After Colgate, the central question was whether a plaintiff could plead and prove an agreement. In the 1980s, the Supreme Court reaffirmed the importance of establishing an agreement as opposed to unilateral conduct. In Monsanto Co. v. Spray-Rite Service Corp.,[40] a discounter-distributor brought an action alleging that Monsanto (the manufacturer) conspired with its distributors to fix the resale prices and terminated the discounter-distributor in furtherance of the conspiracy.[41] The Court held that “[t]here must be evidence that tends to exclude the possibility” of independent action.[42] “[T]he antitrust plaintiff should present direct or circumstantial evidence that reasonably tends to prove that the manufacturer and others had a conscious commitment to a common scheme designed to achieve an unlawful objective.”[43] The plaintiff in Monsanto satisfied this standard.[44] Moreover, the Court declined the United States’ and amicus curiae’s request that the court overrule Dr. Miles.[45]

Fast-forward to 2007. In Leegin, [46] a leather belt manufacturer instituted an RPM policy and offered compliant retailers various incentives.[47] PSKS, a retailer, refused to comply and insisted upon selling belts below the mandatory minimum resale price. The manufacturer refused to continue providing incentives to PSKS and litigation ensued.[48] The case made it to the Supreme Court, which overruled Dr. Miles and announced that RPM agreements are subject to the rule of reason analysis.[49] Procompetitive justifications, such as stimulating interbrand competition, incentivizing investment by retailers, and diversifying products available to consumers were the economic bases for applying the rule of reason.[50] The Court overruled Dr. Miles stating that the “reasons upon which Dr. Miles relied do not justify a per se rule.”[51] From that point on, RPM agreements were to be analyzed under the rule of reason, at least under federal law.

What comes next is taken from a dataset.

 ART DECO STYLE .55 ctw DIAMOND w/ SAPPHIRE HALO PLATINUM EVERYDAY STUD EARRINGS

By overruling the century-old law, the Supreme Court brought its decades-long contraction of the per se condemnation of vertical restraints to full circle. Yet, while the Court conclusively stated that RPM agreements are subject to the rule of reason, it by no means established a framework of analysis going forward. Delegating this task to the lower courts, the Court stated: “As courts gain experience considering the effects of these restraints by applying the rule of reason over the course of decisions, they can establish the litigation structure to ensure the rule operates to eliminate anticompetitive restraints from the market and to provide more guidance to businesses.”[52] Now, ten years later, one may ask: have the lower courts taken steps to establish such a “litigation structure” designed to efficiently apply the rule of reason so as to eliminate anticompetitive vertical price restraints? Unfortunately, the answer is “no.”

The Court’s Historical Treatment Of Vertical/horizontal Hybrid Restrictions

It goes without saying that the antitrust laws reach both horizontal and vertical agreements. “Horizontal restraints are agreements between competitors at the same level of market structure, whereas vertical restraints are combinations of persons at different levels of market structure such as manufacturers and distributors.”[53]

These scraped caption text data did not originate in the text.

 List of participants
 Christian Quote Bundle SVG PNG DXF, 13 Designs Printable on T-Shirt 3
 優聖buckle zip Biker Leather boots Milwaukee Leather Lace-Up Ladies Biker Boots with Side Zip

Much of the antitrust case law has centered on this distinction. However, although these categories seem dichotomous, they are not. As the Seventh Circuit noted, “[s]ometimes . . . it can be hard as a matter of fact to be sure what kind of agreement is at issue” because many cases have been brought alleging both vertical and horizontal components to the collusive scheme.[54] The cases summarized below illustrate the Supreme Court’s treatment of Vertical/Horizontal Hybrid Restrictions.

A. Interstate Circuit v. United States (1939)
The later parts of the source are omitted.